- Born: June 30, 1907 near Moscow, Russian Empire
- Died: 1989 (aged 81–82)
- Education: Leningrad State University
- Known for: Inverse Galois problem research; Faddeev–Leverrier algorithm; the Khinchin–Faddeev axiomatization of Shannon entropy.[1][2][3]
- Spouse: Vera Faddeeva
- Children: Ludvig Faddeev
- Scientific career
- Fields: Mathematics
- Workplaces: Leningrad State University Steklov Mathematical Institute

= Dmitry Faddeev =

Soviet mathematician (1907–1989)

Dmitrii Konstantinovich Faddeev (Дми́трий Константи́нович Фадде́ев; 30 June 1907 – 20 October 1989) was a Soviet mathematician known for his work in algebra, number theory, homological algebra, computational mathematics, and mathematics education. He is also recognized for one of the earliest axiomatizations of Shannon entropy in probability theory.

==Biography==
Faddeev was born on 30 June 1907 about 200 kilometres south-west of Moscow, on his father's estate. His father, Konstantin Tikhonovich Faddeev, was an engineer, and his mother was a physician with a deep interest in music that inspired Dmitrii's lifelong love of the piano. Friends later recalled his musical talent as both expressive and entertaining.
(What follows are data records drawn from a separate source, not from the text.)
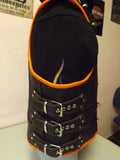 Patch Vest Heavy Buckle Genuine Black Leather Vest With Orange Leather Finish And Hoodie
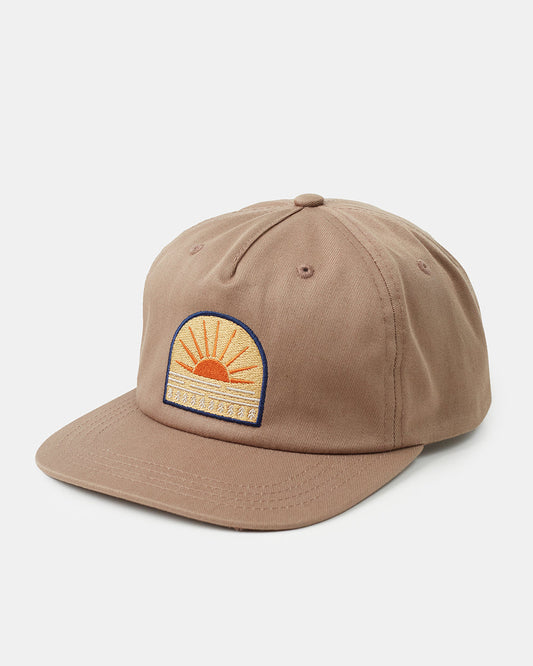 Brown-Organic-Cotton-Graphic-Flat-Brim-Hat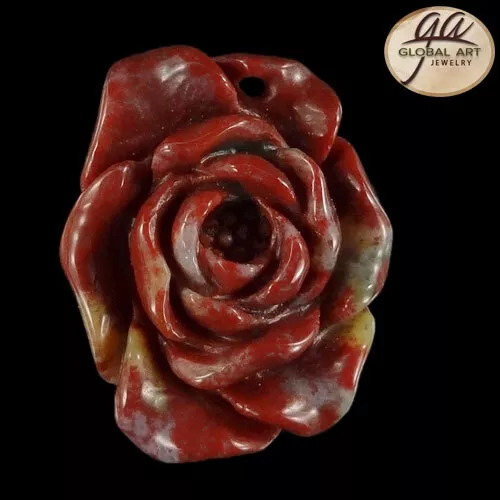 BI24827# Hand Carved Unique Peony Flower Multi-color Agate Pendant Bead 1 Pcs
He graduated from Leningrad State University (then Petrograd State University) in 1928, where his teachers included Ivan Matveyevich Vinogradov and Boris Nicolaevich Delone. In the mid-1920s he also studied at the composition department of the Leningrad Conservatory, but did not complete that course. In 1930 he married Vera Nicolaevna Zamyatina (Faddeeva), with whom he later co-authored works in numerical analysis. They had three children, including the mathematical physicist Ludvig Faddeev (Фаддеев Людвиг Дмитриевич).

From 1934 he worked at the Mathematical Institute of the Academy of Sciences of the USSR, and from 1940 at the Leningrad Branch of the V. A. Steklov Mathematical Institute, where he headed the Laboratory of Algebra. He became a professor at Leningrad State University in 1944 and served as Dean of the Faculty of Mathematics and Mechanics from 1952 to 1954. For many years he chaired the Department of Algebra and later directed the Mathematics Division of the faculty.

==Scientific work==
Faddeev's research spanned number theory, algebra, homology in groups, and computational mathematics. In algebra, his main focus was the inverse Galois problem — the search for algebraic extensions with a prescribed Galois group over a given field. He also obtained results in homological algebra and in applied mathematics worked on linear-algebraic algorithms, notably the Faddeev-LeVerrier algorithm for computing the adjugate matrix and characteristic polynomial.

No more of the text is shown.